Task details. Word for word, restate the line containing "Image of an" and all the lines that come after it in the entries below. Include nothing from before it.

[Short text fragments from websites]
------------------------------------

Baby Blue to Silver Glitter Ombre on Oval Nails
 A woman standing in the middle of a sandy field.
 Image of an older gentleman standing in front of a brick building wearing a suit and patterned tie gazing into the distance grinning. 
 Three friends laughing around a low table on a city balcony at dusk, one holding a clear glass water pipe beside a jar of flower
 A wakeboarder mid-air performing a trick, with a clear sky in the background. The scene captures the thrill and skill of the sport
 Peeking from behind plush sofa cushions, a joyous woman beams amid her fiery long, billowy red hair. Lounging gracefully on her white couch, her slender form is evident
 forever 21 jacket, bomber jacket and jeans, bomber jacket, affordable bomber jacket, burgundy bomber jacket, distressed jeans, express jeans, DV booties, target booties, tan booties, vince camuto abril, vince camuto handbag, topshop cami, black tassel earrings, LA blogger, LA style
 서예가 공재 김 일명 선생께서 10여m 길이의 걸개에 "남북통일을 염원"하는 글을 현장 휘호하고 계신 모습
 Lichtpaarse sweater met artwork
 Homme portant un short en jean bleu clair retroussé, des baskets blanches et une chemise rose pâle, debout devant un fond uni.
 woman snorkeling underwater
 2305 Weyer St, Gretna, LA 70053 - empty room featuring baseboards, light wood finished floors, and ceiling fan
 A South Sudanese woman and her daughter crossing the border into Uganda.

------------------------------------

Output of the task.
 Image of an older gentleman standing in front of a brick building wearing a suit and patterned tie gazing into the distance grinning. 
 Three friends laughing around a low table on a city balcony at dusk, one holding a clear glass water pipe beside a jar of flower
 A wakeboarder mid-air performing a trick, with a clear sky in the background. The scene captures the thrill and skill of the sport
 Peeking from behind plush sofa cushions, a joyous woman beams amid her fiery long, billowy red hair. Lounging gracefully on her white couch, her slender form is evident
 forever 21 jacket, bomber jacket and jeans, bomber jacket, affordable bomber jacket, burgundy bomber jacket, distressed jeans, express jeans, DV booties, target booties, tan booties, vince camuto abril, vince camuto handbag, topshop cami, black tassel earrings, LA blogger, LA style
 서예가 공재 김 일명 선생께서 10여m 길이의 걸개에 "남북통일을 염원"하는 글을 현장 휘호하고 계신 모습
 Lichtpaarse sweater met artwork
 Homme portant un short en jean bleu clair retroussé, des baskets blanches et une chemise rose pâle, debout devant un fond uni.
 woman snorkeling underwater
 2305 Weyer St, Gretna, LA 70053 - empty room featuring baseboards, light wood finished floors, and ceiling fan
 A South Sudanese woman and her daughter crossing the border into Uganda.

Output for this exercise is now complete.